- [Exercise details]
Excluding pictures, give the entries again exactly as they appear.

- [Input records]
---

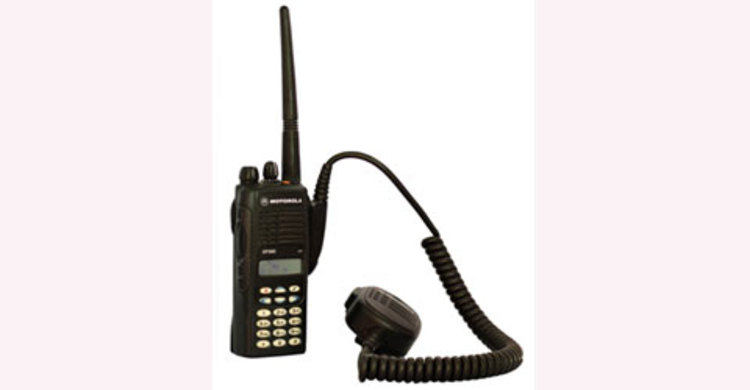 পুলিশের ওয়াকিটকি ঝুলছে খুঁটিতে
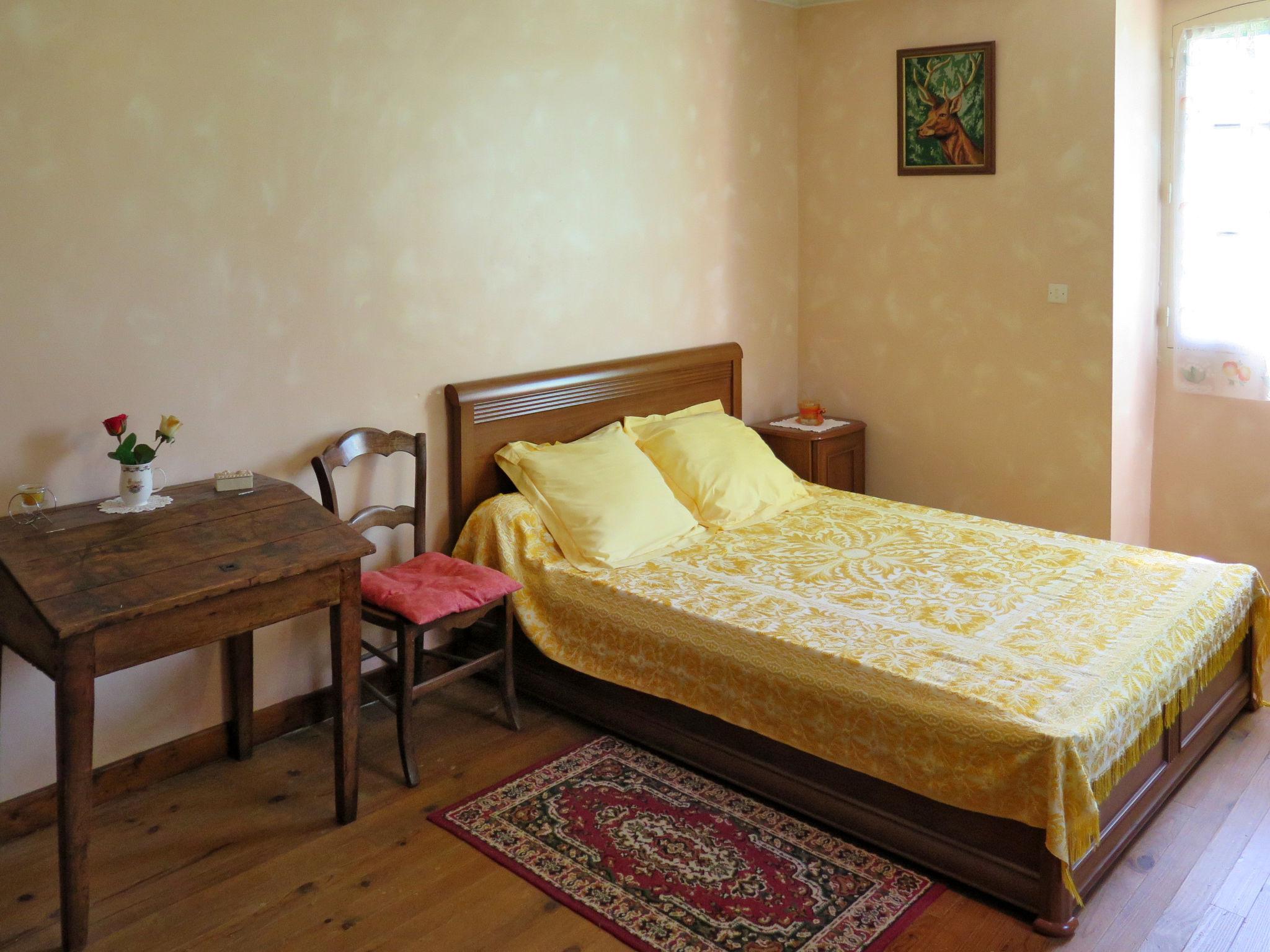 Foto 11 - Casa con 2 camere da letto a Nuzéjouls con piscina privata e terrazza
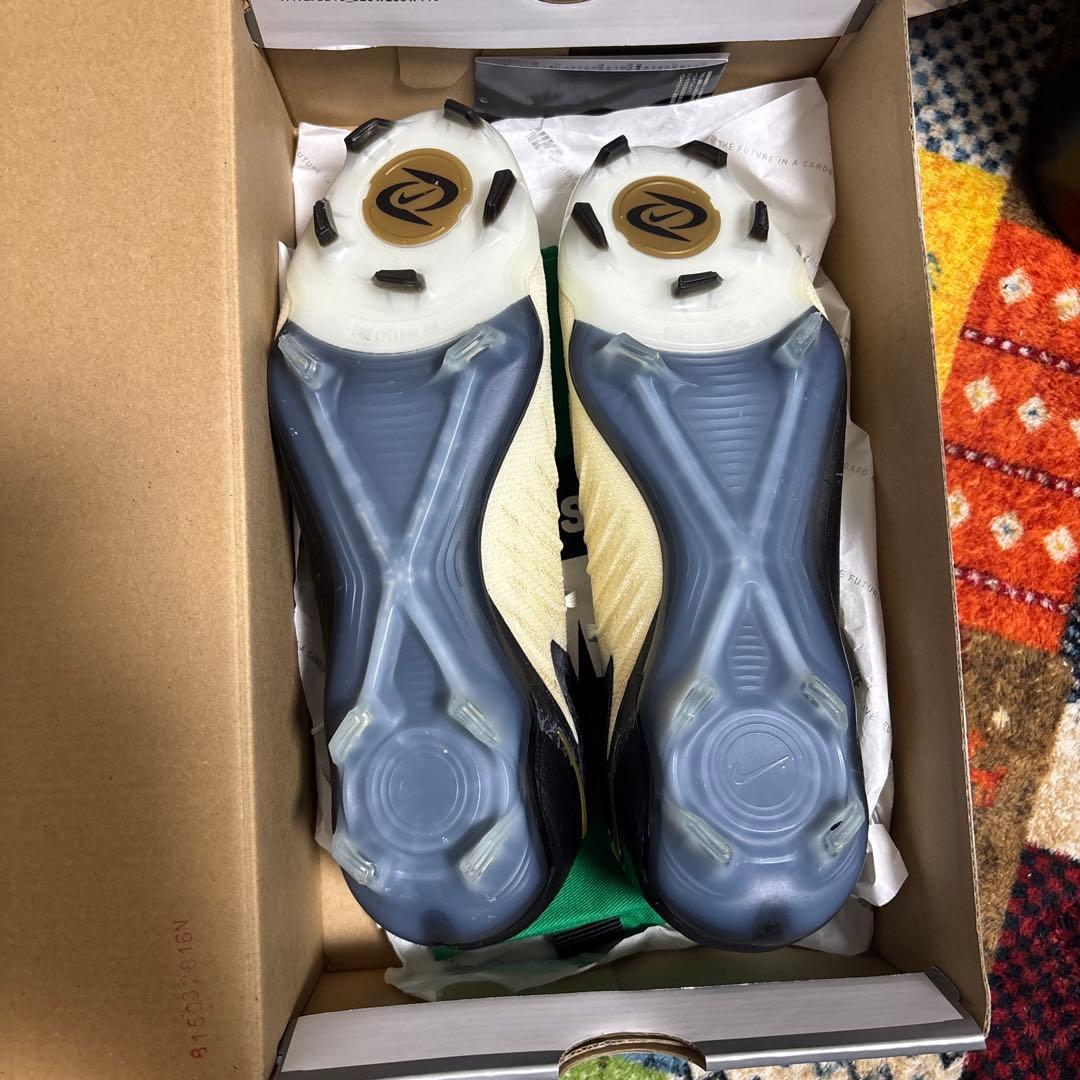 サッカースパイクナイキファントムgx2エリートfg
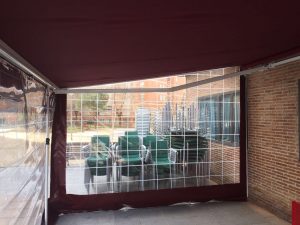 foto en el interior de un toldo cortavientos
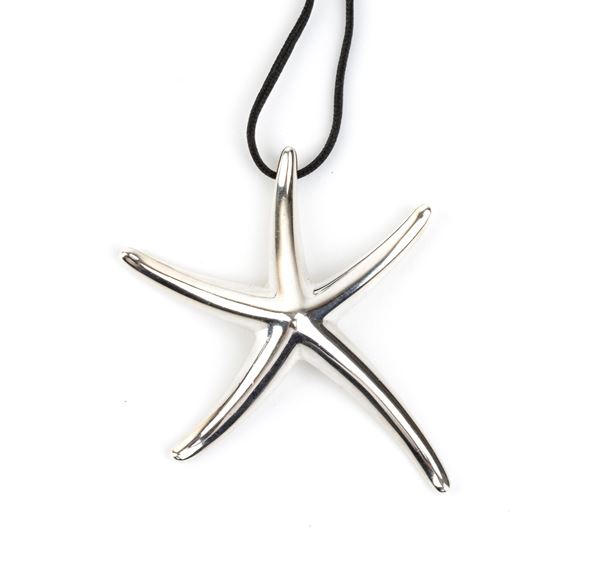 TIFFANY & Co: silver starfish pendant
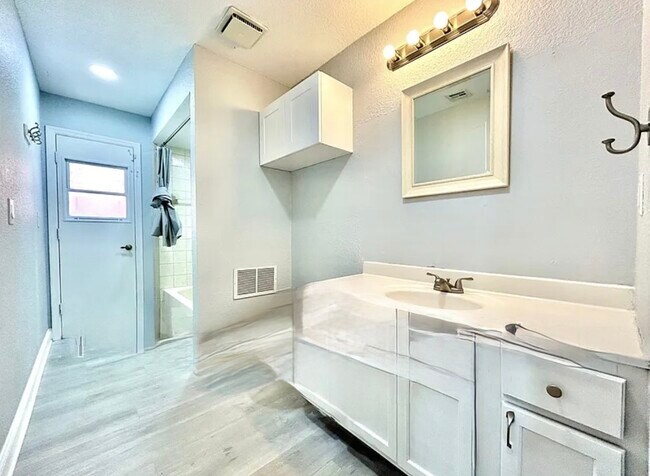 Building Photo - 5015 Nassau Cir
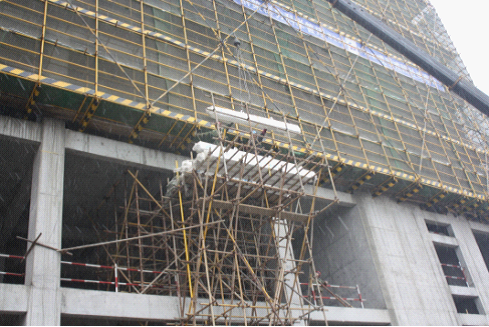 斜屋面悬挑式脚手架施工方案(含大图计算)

---

- [Exercise solution]
 পুলিশের ওয়াকিটকি ঝুলছে খুঁটিতে
 Foto 11 - Casa con 2 camere da letto a Nuzéjouls con piscina privata e terrazza
 サッカースパイクナイキファントムgx2エリートfg
 foto en el interior de un toldo cortavientos
 TIFFANY & Co: silver starfish pendant
 Building Photo - 5015 Nassau Cir
 斜屋面悬挑式脚手架施工方案(含大图计算)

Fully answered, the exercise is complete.